Our modest contribution has been a collection of checks for integer undefined behaviors like signed overflow and shift-past-bitwidth. These checks have been part of LLVM for a while and finally now they are part of the 3.3 release which comes in variety of convenient pre-compiled packages.

To find integer undefined behaviors in a code base that you are about, there are three steps:

  1. Install Clang/LLVM 3.3 from a binary package or from source and make sure that clang and clang++ are in your PATH. If compiling from source, you will need to build compiler-rt. Full instructions are here.

  2. Build your code base using clang or clang++ and a flag such as -fsanitize=undefined

  3. Test the compiled code as thoroughly as possible; if any sanitizer output appears then you have probably found one or more bugs. The lines you care about will contain the string “runtime error”.
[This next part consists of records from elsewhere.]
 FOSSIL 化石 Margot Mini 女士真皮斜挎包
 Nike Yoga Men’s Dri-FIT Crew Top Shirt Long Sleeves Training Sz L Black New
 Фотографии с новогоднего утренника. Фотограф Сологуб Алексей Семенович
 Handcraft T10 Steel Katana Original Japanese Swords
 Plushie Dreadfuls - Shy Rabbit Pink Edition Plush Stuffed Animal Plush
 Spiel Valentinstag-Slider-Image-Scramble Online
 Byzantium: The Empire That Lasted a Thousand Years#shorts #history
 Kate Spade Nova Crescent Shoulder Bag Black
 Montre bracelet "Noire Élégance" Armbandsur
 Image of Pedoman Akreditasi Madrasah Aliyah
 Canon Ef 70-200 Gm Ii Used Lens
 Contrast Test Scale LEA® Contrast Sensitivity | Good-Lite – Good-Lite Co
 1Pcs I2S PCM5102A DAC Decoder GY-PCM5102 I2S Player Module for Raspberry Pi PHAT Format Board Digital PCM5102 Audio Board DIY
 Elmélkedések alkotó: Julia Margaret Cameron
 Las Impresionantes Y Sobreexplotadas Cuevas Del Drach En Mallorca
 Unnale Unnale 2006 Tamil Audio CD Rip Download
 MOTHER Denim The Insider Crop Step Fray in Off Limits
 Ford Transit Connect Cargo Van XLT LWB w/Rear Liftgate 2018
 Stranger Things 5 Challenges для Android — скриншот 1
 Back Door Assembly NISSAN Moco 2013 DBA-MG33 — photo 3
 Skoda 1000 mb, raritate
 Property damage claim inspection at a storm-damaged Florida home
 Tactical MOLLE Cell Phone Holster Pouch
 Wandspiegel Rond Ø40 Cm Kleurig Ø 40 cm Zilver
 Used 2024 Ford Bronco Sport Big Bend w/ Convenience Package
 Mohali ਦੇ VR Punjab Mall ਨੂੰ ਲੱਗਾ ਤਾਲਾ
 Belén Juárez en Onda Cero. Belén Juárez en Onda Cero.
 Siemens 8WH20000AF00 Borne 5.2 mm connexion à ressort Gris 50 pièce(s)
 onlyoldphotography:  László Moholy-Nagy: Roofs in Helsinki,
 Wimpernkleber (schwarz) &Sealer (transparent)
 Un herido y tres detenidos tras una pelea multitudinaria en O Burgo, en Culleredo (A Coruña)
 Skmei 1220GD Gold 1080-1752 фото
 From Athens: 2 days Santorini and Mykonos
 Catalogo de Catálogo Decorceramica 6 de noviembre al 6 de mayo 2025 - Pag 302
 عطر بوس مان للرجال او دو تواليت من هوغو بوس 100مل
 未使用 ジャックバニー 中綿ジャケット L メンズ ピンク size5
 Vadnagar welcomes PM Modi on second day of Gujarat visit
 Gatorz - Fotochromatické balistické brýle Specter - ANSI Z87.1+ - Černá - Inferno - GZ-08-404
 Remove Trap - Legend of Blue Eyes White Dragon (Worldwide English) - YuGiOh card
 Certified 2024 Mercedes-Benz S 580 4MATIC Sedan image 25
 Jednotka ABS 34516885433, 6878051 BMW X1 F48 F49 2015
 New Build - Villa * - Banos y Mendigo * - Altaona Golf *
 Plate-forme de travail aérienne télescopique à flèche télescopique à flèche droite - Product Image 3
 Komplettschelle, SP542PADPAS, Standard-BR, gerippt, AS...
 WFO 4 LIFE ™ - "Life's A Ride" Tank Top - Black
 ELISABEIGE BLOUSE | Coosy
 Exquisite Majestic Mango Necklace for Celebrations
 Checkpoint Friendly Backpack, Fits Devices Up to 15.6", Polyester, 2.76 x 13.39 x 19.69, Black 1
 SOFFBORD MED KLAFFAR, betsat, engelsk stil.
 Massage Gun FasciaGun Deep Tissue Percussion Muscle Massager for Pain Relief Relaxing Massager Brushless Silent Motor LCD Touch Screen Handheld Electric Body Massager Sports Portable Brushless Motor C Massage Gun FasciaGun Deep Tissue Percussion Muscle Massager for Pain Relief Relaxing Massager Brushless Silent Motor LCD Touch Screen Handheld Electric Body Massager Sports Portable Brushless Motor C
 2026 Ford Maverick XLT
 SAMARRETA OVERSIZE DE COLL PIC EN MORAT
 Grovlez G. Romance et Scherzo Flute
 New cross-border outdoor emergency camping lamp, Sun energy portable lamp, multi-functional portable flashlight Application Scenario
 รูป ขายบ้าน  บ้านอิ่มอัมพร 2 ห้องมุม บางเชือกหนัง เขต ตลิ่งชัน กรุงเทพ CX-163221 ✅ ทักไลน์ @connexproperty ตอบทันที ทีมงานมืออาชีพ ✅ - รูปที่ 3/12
Let’s go through a quick example. I did this on a Linux machine but it should be more or less the same on other platforms. Grab the latest stable version of Perl, untar it, and run its configure script:

wget http://www.cpan.org/src/5.0/perl-5.18.0.tar.gz
tar xvf perl-5.18.0.tar.gz
cd perl-5.18.0/
./Configure

When the configure script asks for a C compiler, respond with clang -fsanitize=undefined. Then build Perl, run its test suite, and look for problems:

make -j4
make test > make.out 2>&1
grep 'runtime error' make.out | sort | uniq

At this point you should see several hundred lines of undefined behavior errors. Here’s the full output.

Since modern C compilers actually exploit undefined integer behaviors in order to generate code that you didn’t expect or want, this whole exercise is probably worth doing for codes whose correctness you care about.

,

8 responses to “Integer Undefined Behavior Detection using Clang 3.3”

  1. Indeed, it looks as if the test output shows that it is detecting float overflows as well. Presumably these are the results of casts, rather than arithmetic. (My very shaky memory tells me that arithmetic overflows on floats just produce NaNs…)

  2. Hi Michael, I believe that your guess is correct. It’s not totally clear to me that FP checks should be turned on by the catchall undefined behavior detection flag but it’s not something I think about much either.

  3. Interesting tool!

    Regarding applying it to Perl: I’m certain it found a few genuine bugs (regexp compilation using I32’s as offsets?), but others are pretty much what one would expect. For example the error at “pp.c:2527:7” is in the opcode that implements a special case of integer arithmetic: A (Perl) user needs to explicitly enable “use integer” mode to get the machine’s raw integer arithmetic. In this mode, perl doesn’t prevent the user from doing the wrong thing. The test which provokes the undefined behaviour is specifically testing the corner cases. One could argue it’s therefore a bug in the test script.

    In any case, this seems a very useful tool. Thank you!

  4. Hi Steffen, thanks for the comments, I’d b very interested to hear how many of these end up being useful to the Perl developers.

  5. @Michael Norrish: You are right, on most systems, the default is that an arithmetic overflow produces ±∞. However, it is possible to set the system to trap on overflow. Also, in most programs, ±∞ are undesirable and checking for them is thus a worthy endeavour (as done in the Astrée system, for instance).

    Overflow on conversion to integer, if I remember correctly, is an undefined behavior.

  6. @John: Thanks for all your work, since it’s now integrated into clang… We can therefore use the PAGAI static analyzer to check for the reachability of the trap condition!